Creative Writing

Belated Mourning – A Poem

My mother came to meet me once,

Holding a potted plant.

Was it Daisy or Chrysanthemum?

I couldn’t care less!

She said it will do me good,

 To have another life around my room.

Something I can grow and adore,

 A memento that reminds me of home.

When she left, I looked at the flowerpot,

 I was dismayed, I did not want to keep it, no.

It was a pang of the past-

 How could I nurture a woe to my heart?

It wasn’t easy! it wasn’t just!

To be reminded of memories that rust.

To revisit the sadness and the pain,

For, I had lost more at home than I had gained.

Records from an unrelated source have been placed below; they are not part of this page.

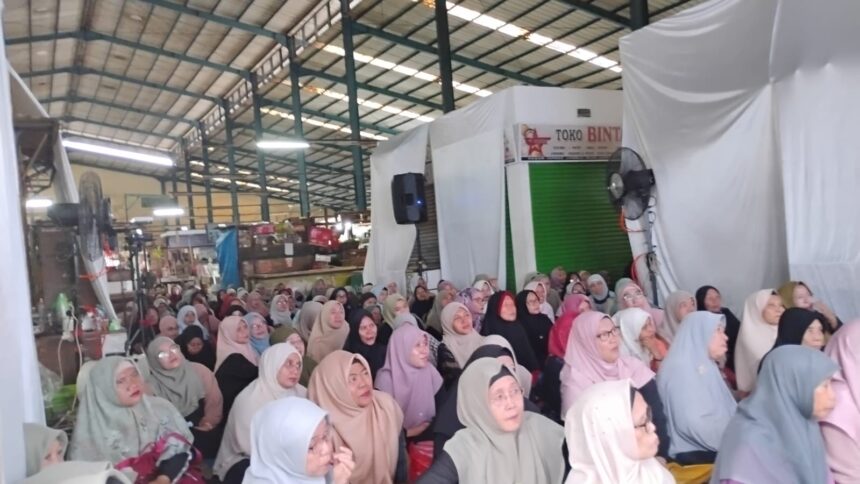 Suasana para pedagang bersama warga sekitar Pasar Jambul di Jalan SMA 14, RT 002/004, Kelurahan Cililitan, Kecamatan Kramat Jati, Jakarta Timur, khidmat mengikuti jalannya kegiatan Maulid Nabi 1447 Hijriah, Senin (3/11/2025). Foto: Ist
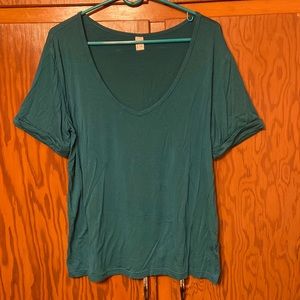 Large Women’s V-Neck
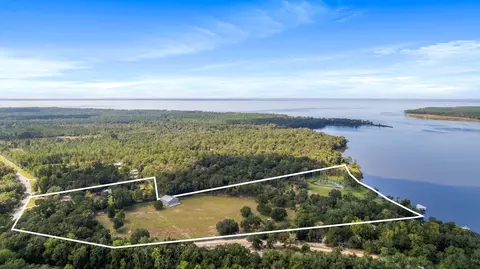 147 Dexton King Rd, Freeport, FL 32439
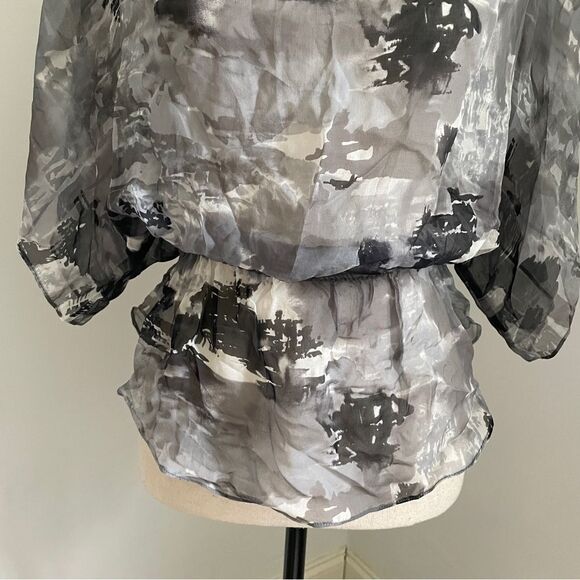 Gibson Abstract Black Sheer Peplum Blouse‎ size XS Watercolor Lightweight Top - Picture 7 of 12
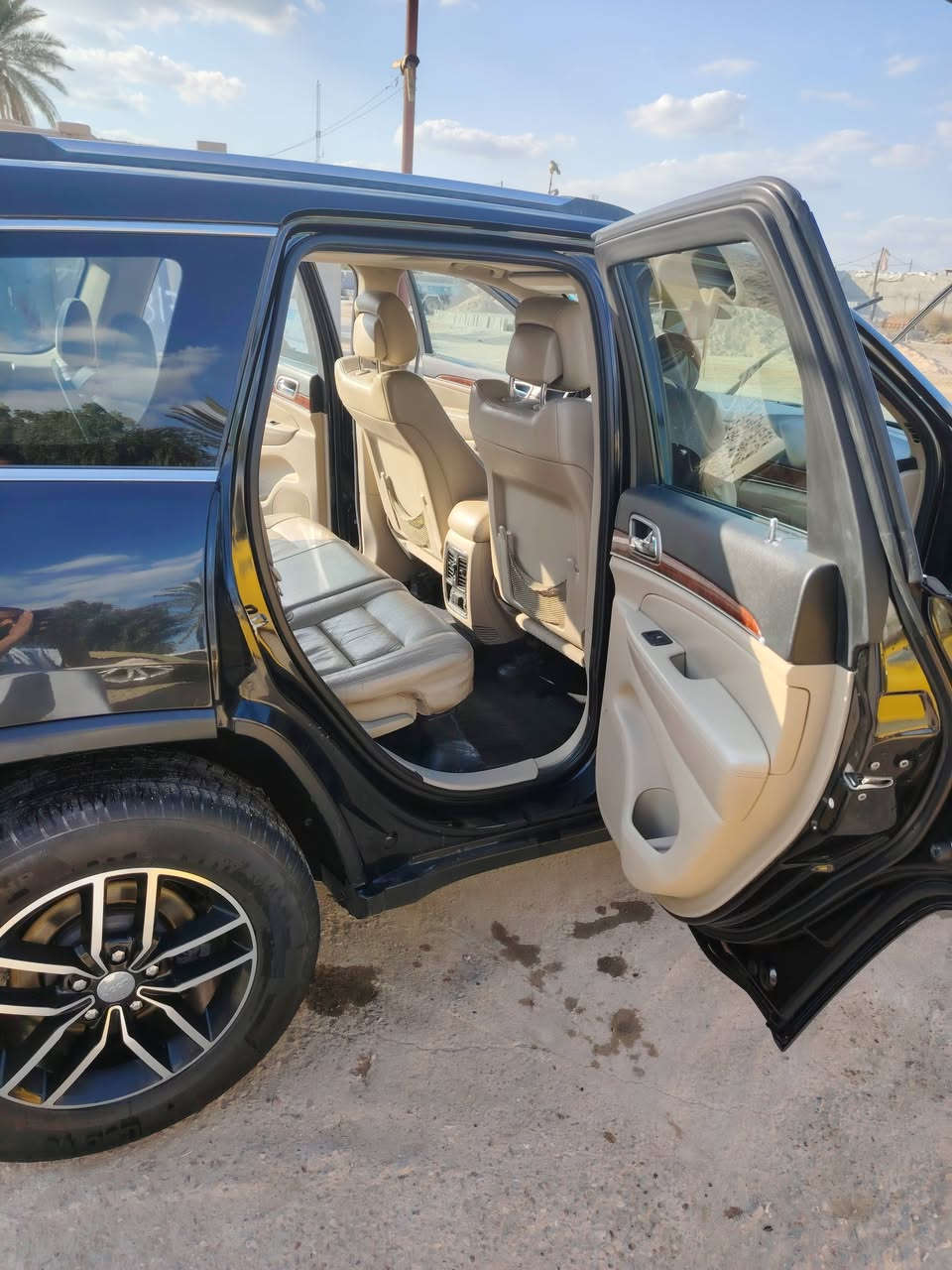 جيب شيروكي مديل ١٣ ورد مريكي محرك هيمي فول مواصفات محرك مكفول دواخل بيجي رقم بغداد بسمي سياره جديده استفسار عل رقم *********** بصرة القرنه سعر 165
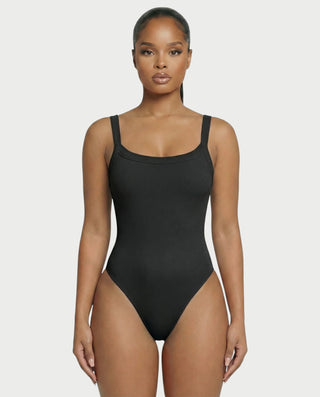 Mono de satén con plumas sintéticas y cuello en V profundo de LANNY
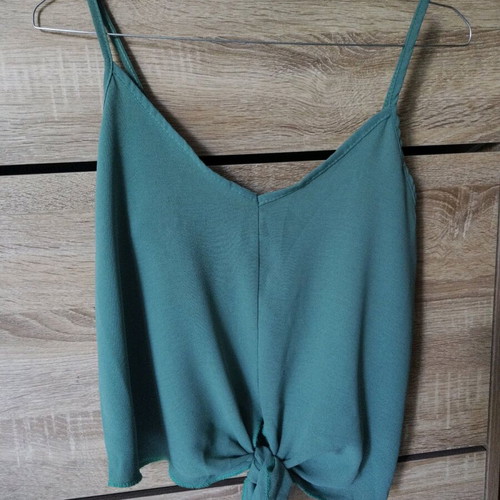 Top veraman size M like new, soft green color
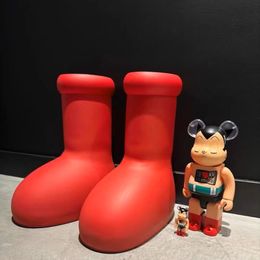 R Big Red Boots MSCHF Botines antideslizantes de fondo grueso negro Plataforma de goma astro boy Hombres Mujeres Botas de lluvia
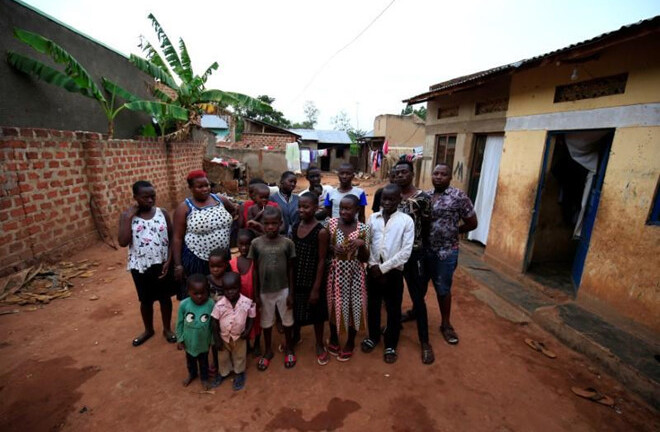 Cuộc đời đầy cay đắng của bà mẹ Uganda bị chồng bỏ sau khi đẻ 38 đứa con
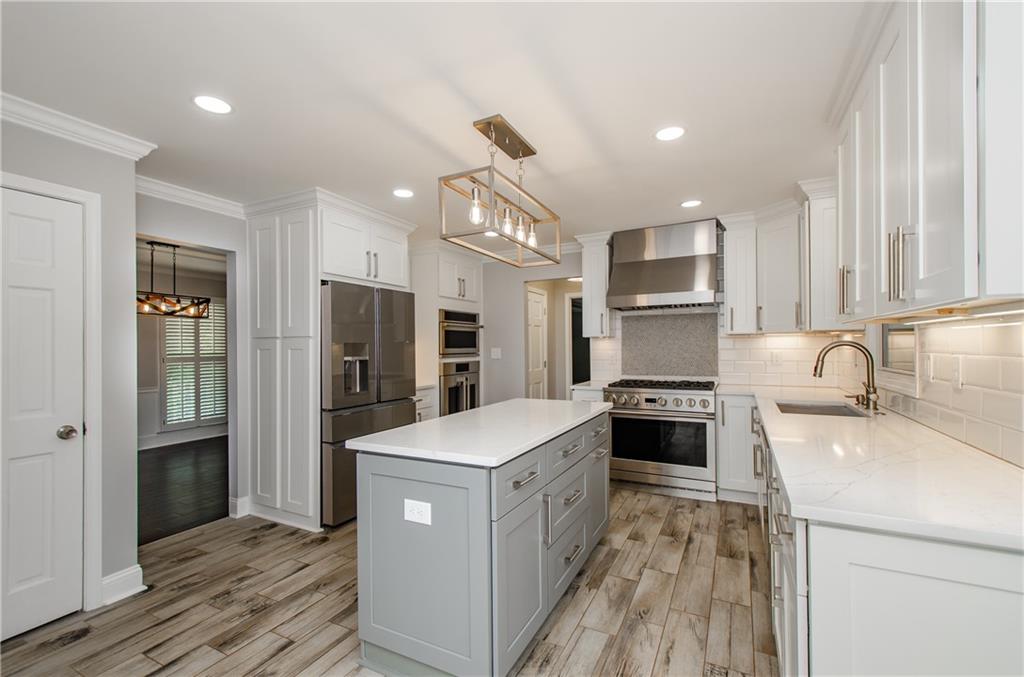 3943 Northlake Creek Drive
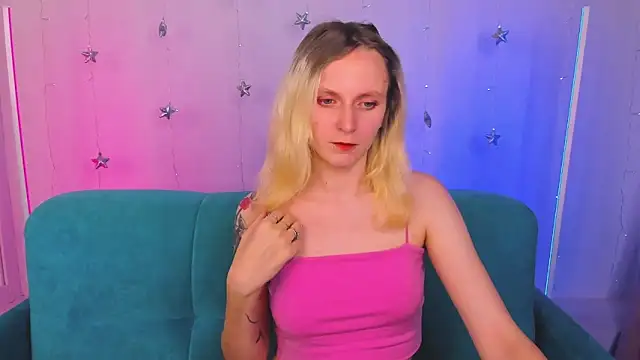 LikiLips online show from 12-18-25, 01:22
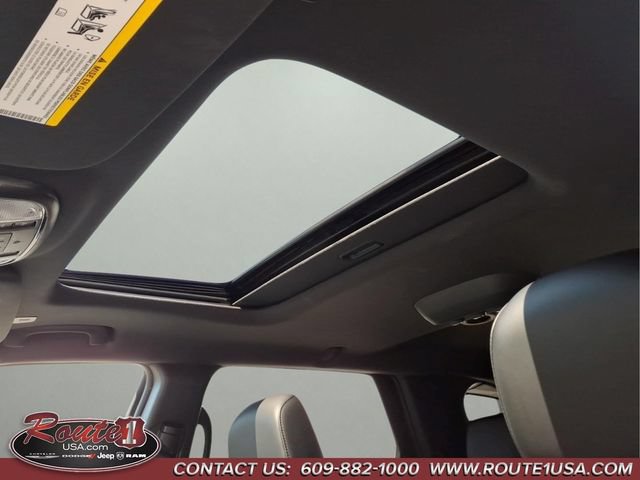 Certified 2025 Dodge Durango R/T AWD/4WD image 34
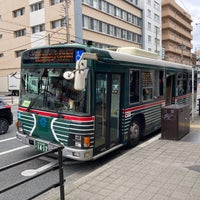 Photo taken at 京橋北口(京橋駅筋)バス停 by PPY 1. on 5/20/2023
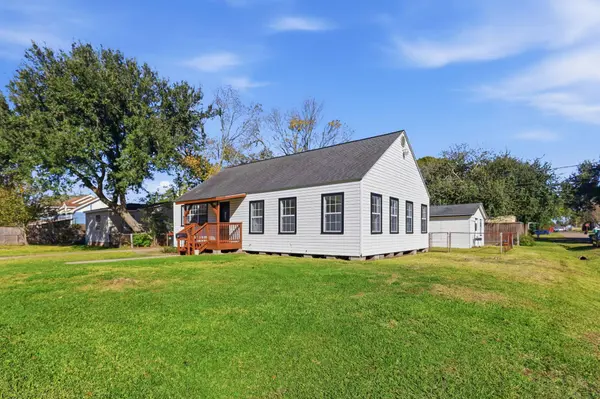 510 E Republic AVE, Baytown, TX 77520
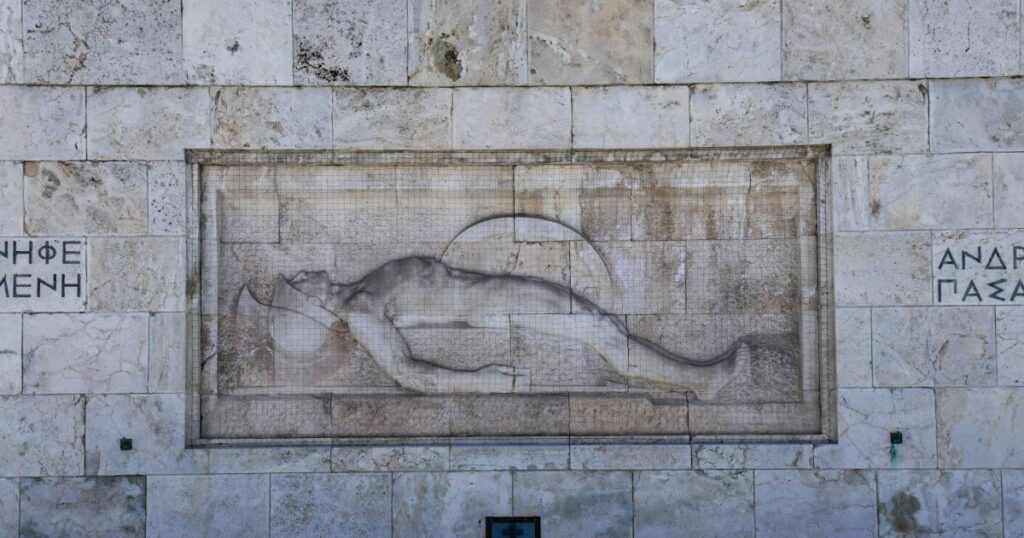 Οι αντιδράσεις για τον Άγνωστο Στρατιώτη: Δένδιας και Μητσοτάκης σε διαφορετικές γραμμές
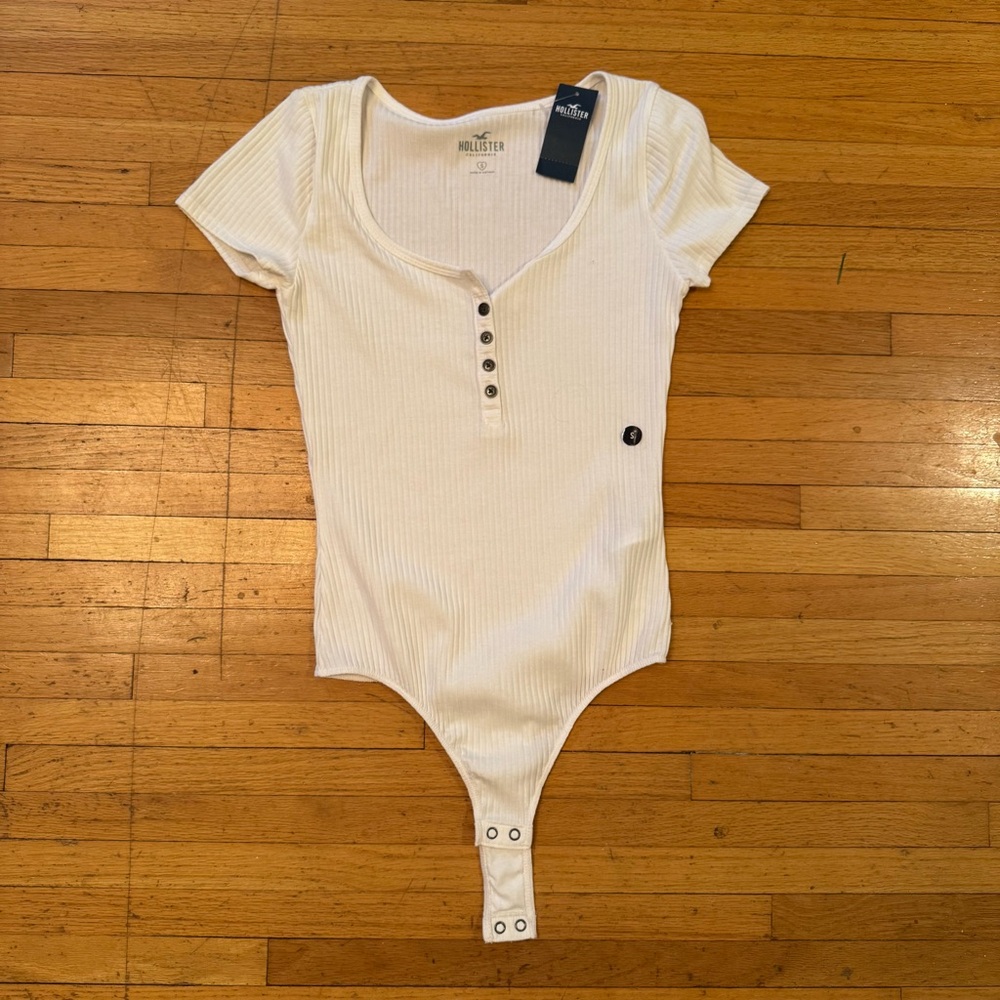 Hollister Cream Ribbed Button Bodysuit S NWT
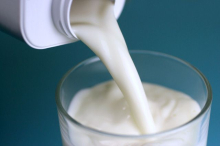 Россия ограничила поставки белорусской молочной продукции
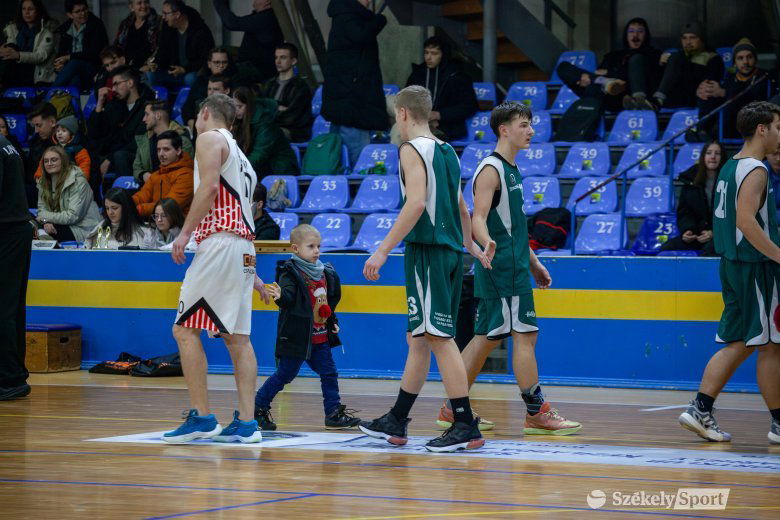 Diákok és öregfiúk egymás között a hagyományos kosárlabdatornán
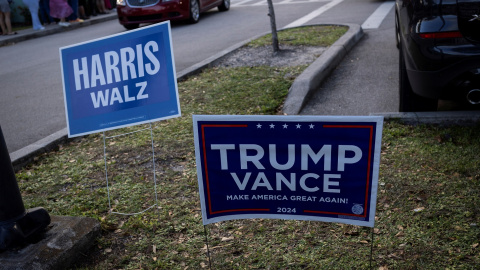 Carteles junto a un centro de votación en la Biblioteca del Condado de Palm Beach, en West Palm Beach (Florida, EEUU). REUTERS/Marco Bello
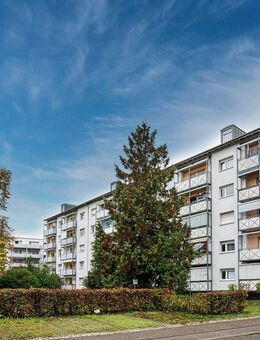 STADTBLICK: 3 Zi-Whg zentrumsnah in energetisch saniertem MFH mit moderner Küche und Bad, Balkon - Lörrach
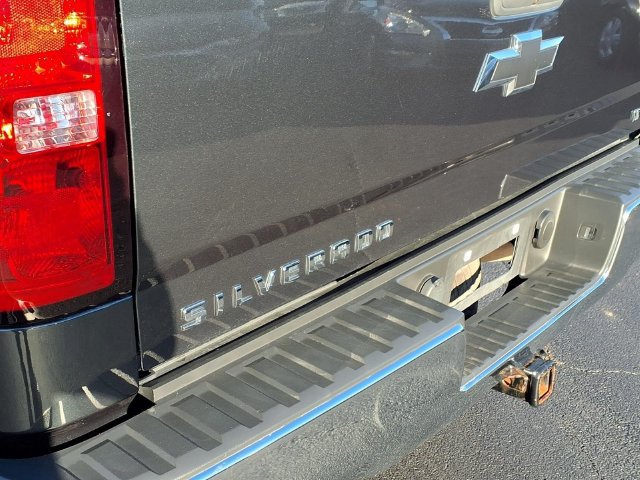 Used 2018 Chevrolet Silverado 1500 LT w/ All Star Edition AWD/4WD image 36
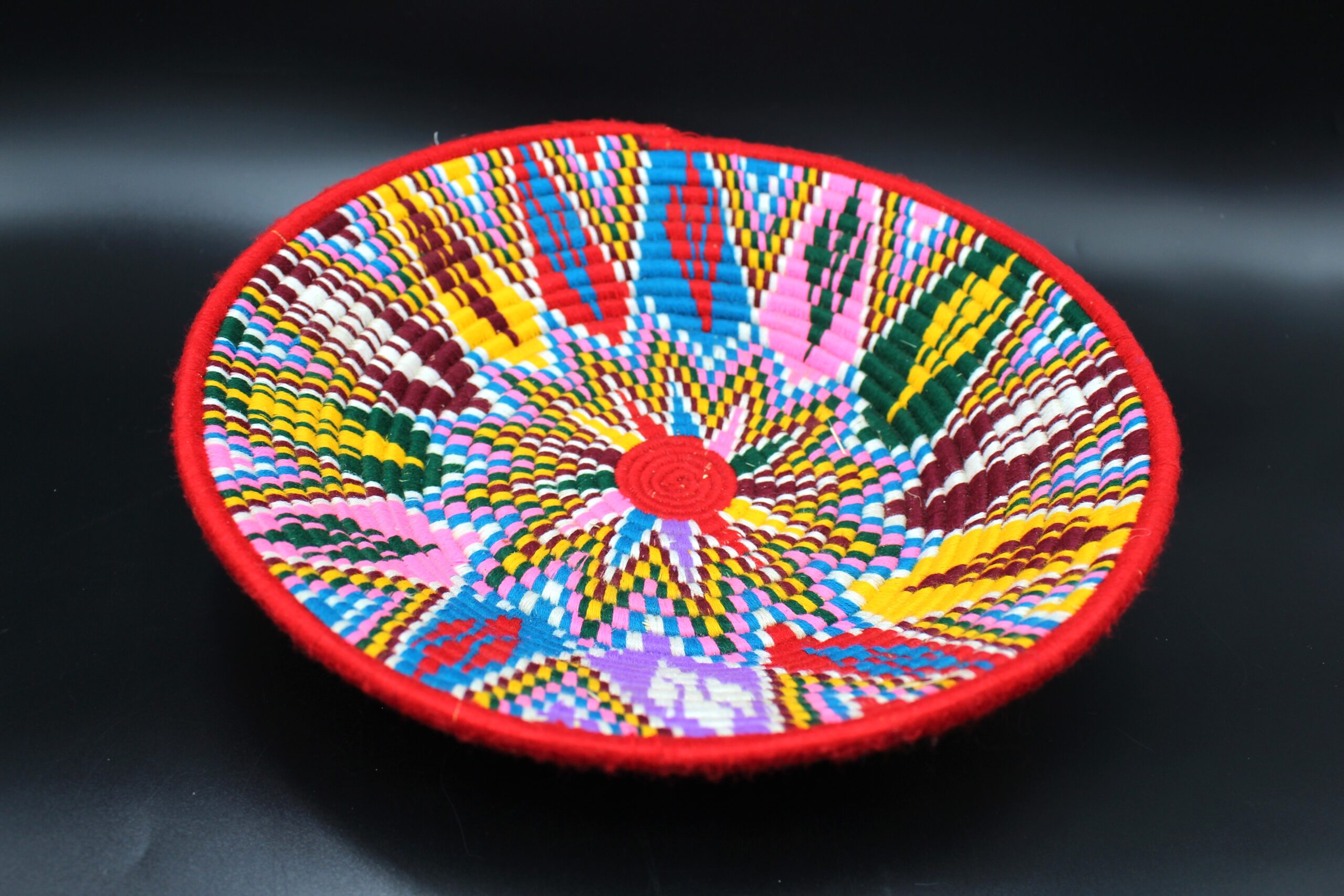 Handgemachte Schale - Mehrfarbig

My home was not made of happiness,

It was made of stone-cold walls,

It gnawed my heart,

Claimed my sanity in exchange for shelter.

But then I looked at the plant,

 I thought; what’s its fault?

 It was in my hands to change everything,

I owned my life’s unbreakable reins.

I then started the drudgery-

Tending it even in my misery

A few weeks later the plant bloomed,

Beautiful daisies took away my gloom.

Looking the whites and yellows,

I shed tears.

I forgave my parents,

Let go of the sufferings they made me bear.

That day, I wore a white robe,

For the belated mourning of my childhood ghost,

Rest in peace! Oh, lost one!

I rebirthed with the colours of hope.